Work item: Only the lines from the one containing "Retro-Weihnachtskarte Vintage Frohe" to the end of the data should be copied, exactly and without pictures.

Data:

BEGIN

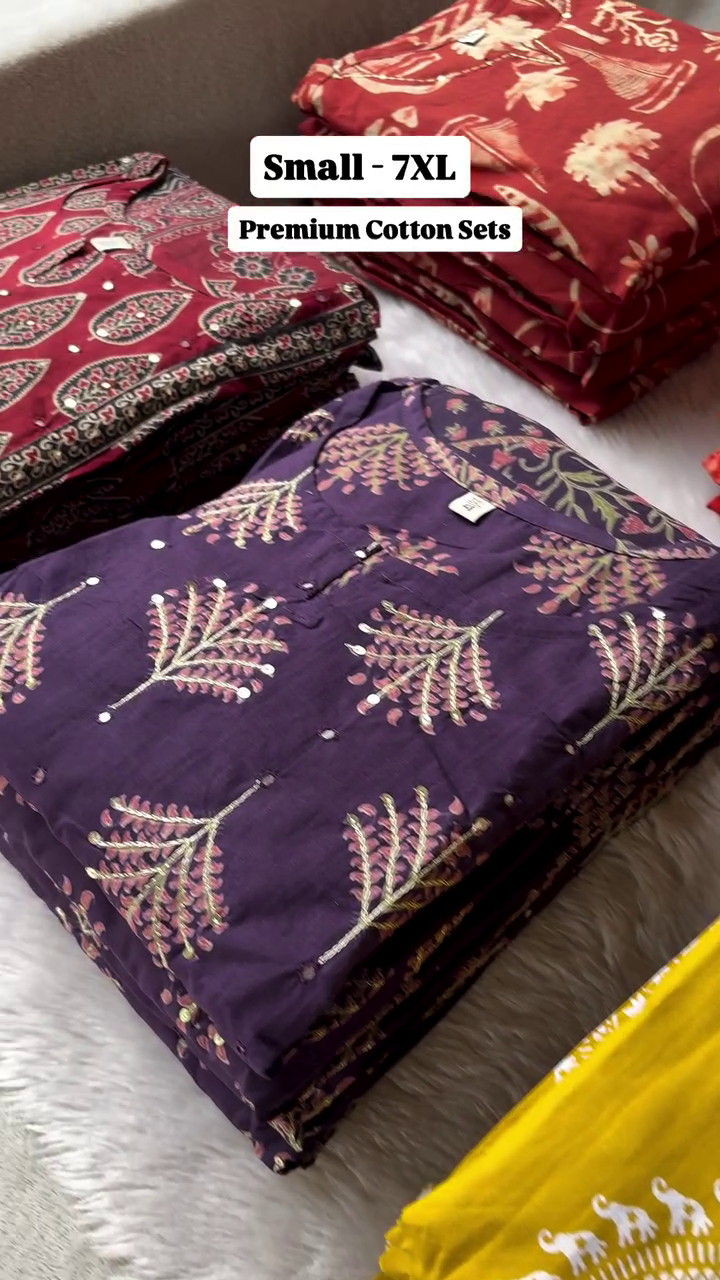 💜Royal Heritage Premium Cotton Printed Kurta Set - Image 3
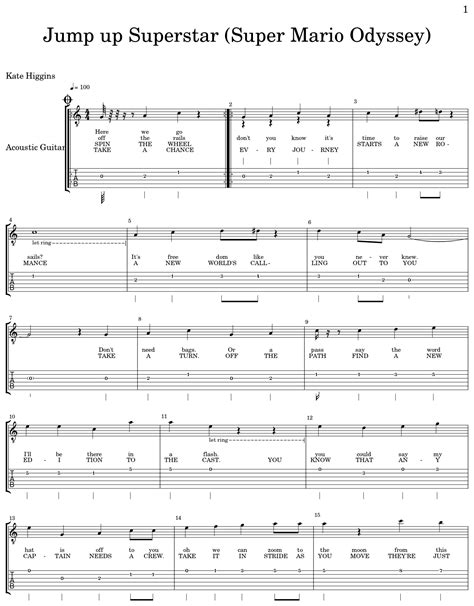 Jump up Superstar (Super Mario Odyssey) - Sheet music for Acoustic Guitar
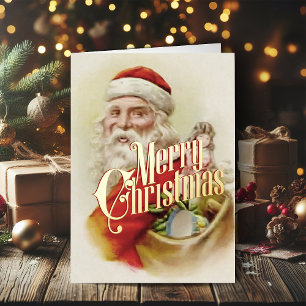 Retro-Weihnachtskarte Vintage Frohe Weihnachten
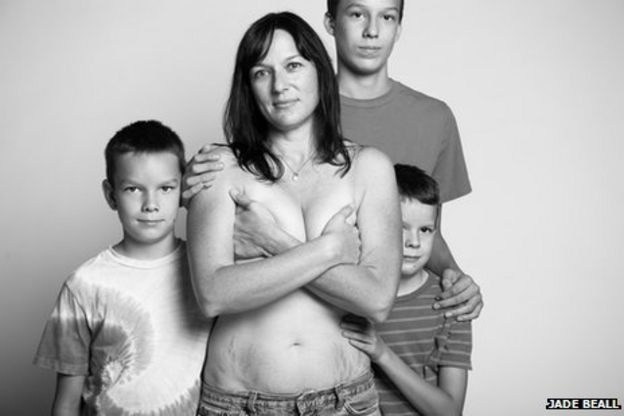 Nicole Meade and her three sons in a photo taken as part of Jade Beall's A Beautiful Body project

END

Answer to this task:
 Retro-Weihnachtskarte Vintage Frohe Weihnachten
 Nicole Meade and her three sons in a photo taken as part of Jade Beall's A Beautiful Body project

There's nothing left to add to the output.